La Cour suprême de l'État de New York a pris la décision de saisir trois œuvres de l'artiste autrichien Egon Schiele, réclamées par les héritiers de leur précédent propriétaire, un collectionneur et artiste juif victime des nazis. Cette mesure a été confirmée par une source judiciaire et fait suite à une information du New York Times.
Dans des ordonnances de saisie datées de mardi, la Cour suprême de l'État de New York a jugé qu'il existait des raisons valables de croire que ces dessins de l'artiste expressionniste autrichien étaient volés et détenus illégalement.

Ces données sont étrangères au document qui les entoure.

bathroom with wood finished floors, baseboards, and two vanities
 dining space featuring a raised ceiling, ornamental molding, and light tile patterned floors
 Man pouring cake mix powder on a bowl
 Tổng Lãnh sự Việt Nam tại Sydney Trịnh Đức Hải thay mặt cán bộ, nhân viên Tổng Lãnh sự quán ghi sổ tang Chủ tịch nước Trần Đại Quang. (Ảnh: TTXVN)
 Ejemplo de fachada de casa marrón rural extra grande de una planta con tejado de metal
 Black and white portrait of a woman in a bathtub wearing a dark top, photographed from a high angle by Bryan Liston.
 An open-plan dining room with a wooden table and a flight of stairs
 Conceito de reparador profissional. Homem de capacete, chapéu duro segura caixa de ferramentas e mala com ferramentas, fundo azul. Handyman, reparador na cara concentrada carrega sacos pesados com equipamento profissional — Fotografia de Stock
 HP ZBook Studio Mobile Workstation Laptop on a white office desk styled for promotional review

L'œuvre intitulée "Prisonnier de guerre russe" (1916), une aquarelle et crayon sur papier évaluée à 1,25 million de dollars, a été saisie à l'Art Institute de Chicago. "Portrait d'un homme" (1917), un dessin au crayon sur papier d'une valeur d'un million de dollars, a été saisi au Carnegie Museum of Art de Pittsburgh (Pennsylvanie, nord-est), tandis que "Fille aux cheveux noirs" (1911), une aquarelle et crayon sur papier d'une valeur de 1,5 million de dollars, a été saisie à l'Allen Memorial Art Museum de l'université Oberlin (nord-est, Ohio). Les ordonnances précisent que les œuvres peuvent demeurer "sur place" pendant une période de 60 jours.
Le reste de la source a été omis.